Selain anak-anak Indonesia sombong itu, sebenarnya ada satu
lagi mahasiswa yang tinggal di rumah ini. Namanya Shahjehan, dan dia juga
seorang Muslim dari Sri Lanka. Sebenarnya, dia adalah adik kandung dari Feroza.
Dia tengah menempuh kuliah Teknik Informatika di Edith Cowan University.
Walaupun dia tinggal di rumah ini, anehnya kamar tidurnya terisolasi dari
ruangan-ruangan lain di rumah ini, dan hanya bisa dimasuki dari teras depan.
Setelah saya menaruh semua barang bawaan di kamar tidur
saya, bapak dan kakak saya pamit mau lanjut ke hotel mereka diantar Hans*.

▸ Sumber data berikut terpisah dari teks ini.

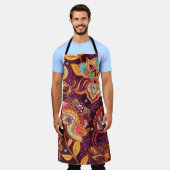 Kleurrijke Paisley stijl bloemmotief Schort (Gedragen)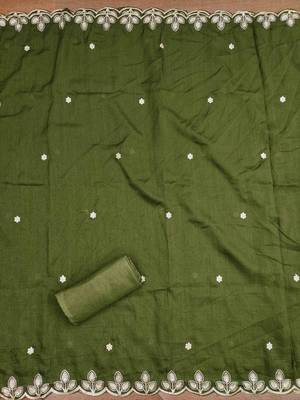 Green cotton embroidered unstitched dressmaterials 3 pair top bottom dupptaa 4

Wah, ini pertama kalinya saya berada di lingkungan dimana
mayoritas orang-orangnya tidak berbicara dengan bahasa yang sama dengan saya!

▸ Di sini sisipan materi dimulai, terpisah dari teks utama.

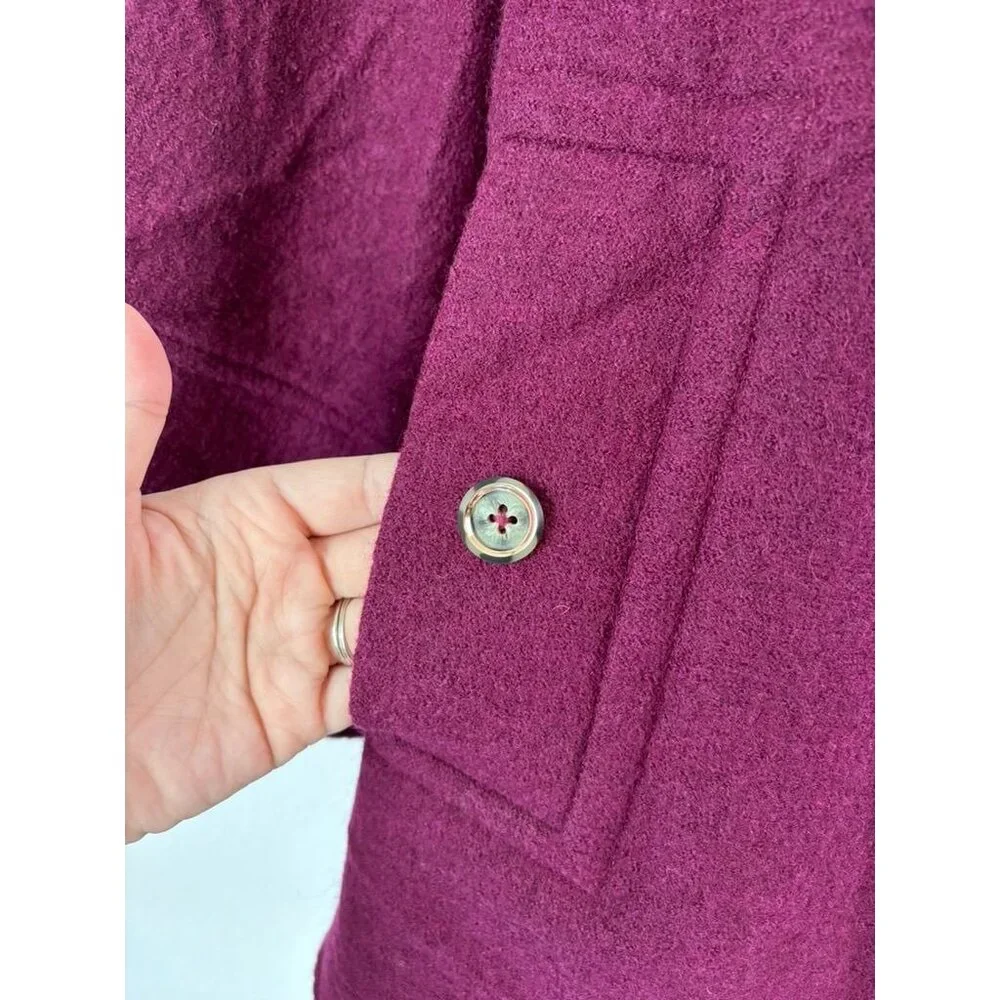 Chico's women's 2 large maroon boiled‎ wool full zip lined wide sleeve jacket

Walaupun begitu, paling tidak mereka orang Asia dan beragama Islam. Shiraj
memperlihatkan kamar-kamar di dalam agar saya mengerti dengan keadaan di rumah,
serta daerah di sekelilingnya. Dia menunjukkan dimana dapurnya, bagaimana cara
memakai panggangan microwave, tempat cuci baju, kamar mandi dan toilet. Saya
agak heran karena kamar wandi dan WC terpisah! Dia juga menjelaskan kalau
kampus saya lokasinya cukup dekat rumah, dan bisa dijangkau dengan berjalan
kaki. Untuk belanja, dia menyarankan supermarket Coles yang lokasinya beberapa
ratus meter di utara.
Karena dia tahu saya juga Muslim, dia bilang kalau mau
Jumatan, saya bisa pulang ke rumah dan berangkat ke Masjid Perth bersama dia dan
Shahjehan. Dia bilang pihak kampus umumnya mengijinkan pelajar untuk pulang
awal di hari Jumat buat sholat di Masjid.
Selain itu, Shiraj juga memberikan saya alat seperti kipas angin berbentuk kotak kecil berwarna kusam,
hanya diatasnya ada pengatur temperatur. Shiraj bilang “ini alat pemanas ruangan”.

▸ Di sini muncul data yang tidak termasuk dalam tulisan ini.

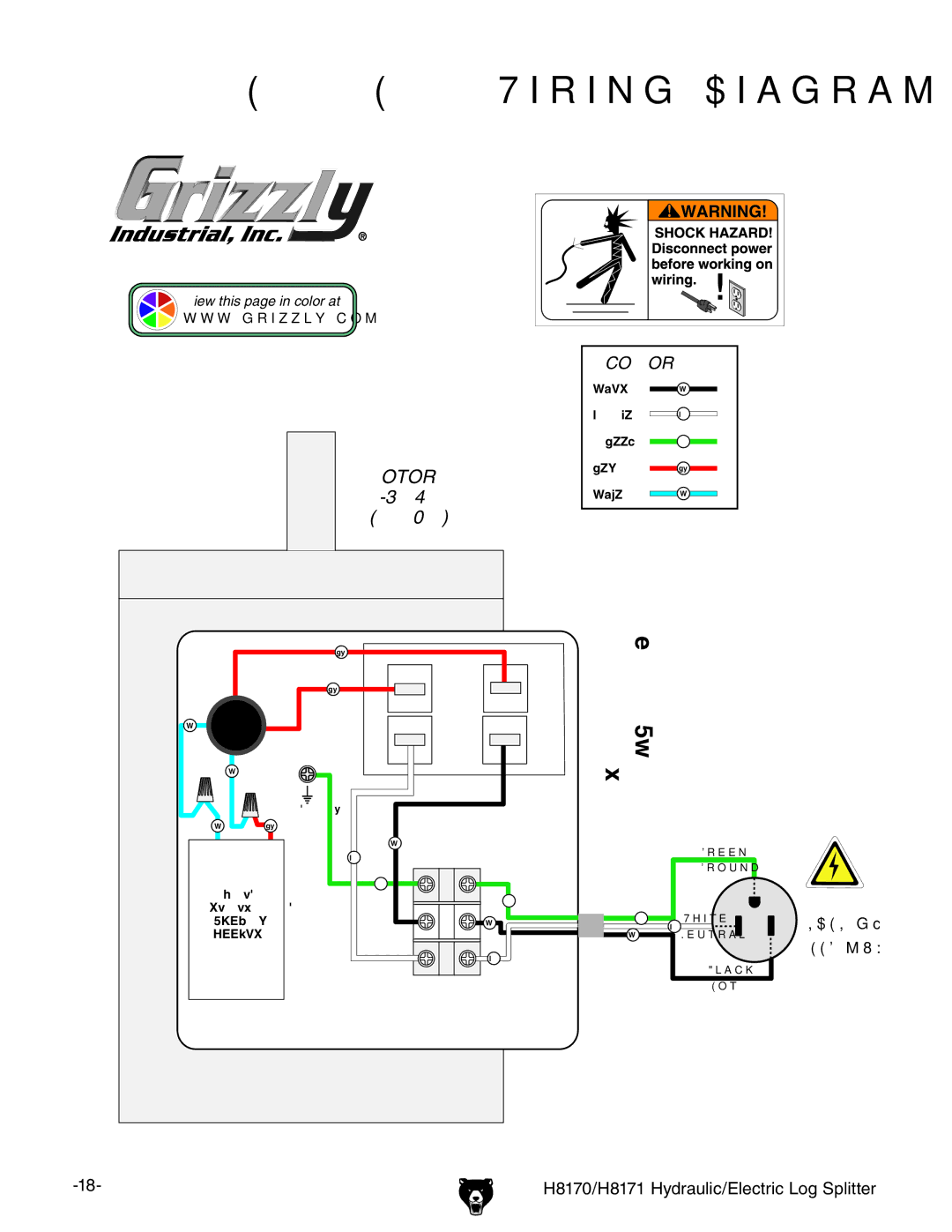 Grizzly owner manual H8170/H8171 Wiring Diagram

Berhubung saya belum pernah tinggal di negara sub-tropis yang dingin
sebelumnya, saya nggak ngerti buat apa alat ini. Karena itu tidak heran di
malam pertama di Perth saya tidak memakai alat itu, biarpun hawanya lumayan
membeku.
Contoh kipas angin pemanas ruangan portable.
Oke, malam sudah cukup larut dan saya memutuskan untuk
mengucapkan selamat malam ke semua dan masuk ke kamar tidur dan rebahan.
Hawanya malam itu sangat dingin sekali. Saya langsung memakai selimut 2 lapis
dan tetap berpakaian rangkap. Biar nggak kebosanan, saya menyalakan Walkman saya.
Karena walkmannya ada alat penangkap sinyal radio, saya penasaran seperti apa
program stasiun-stasiun radio di Australia. Kebetulan beberapa stasiun masih
mengudara tengah malam itu. Kebanyakan menyiarkan talk show atau lagu-lagu ala
Australia yang kurang enak buat didengar kalau sudah mengantuk.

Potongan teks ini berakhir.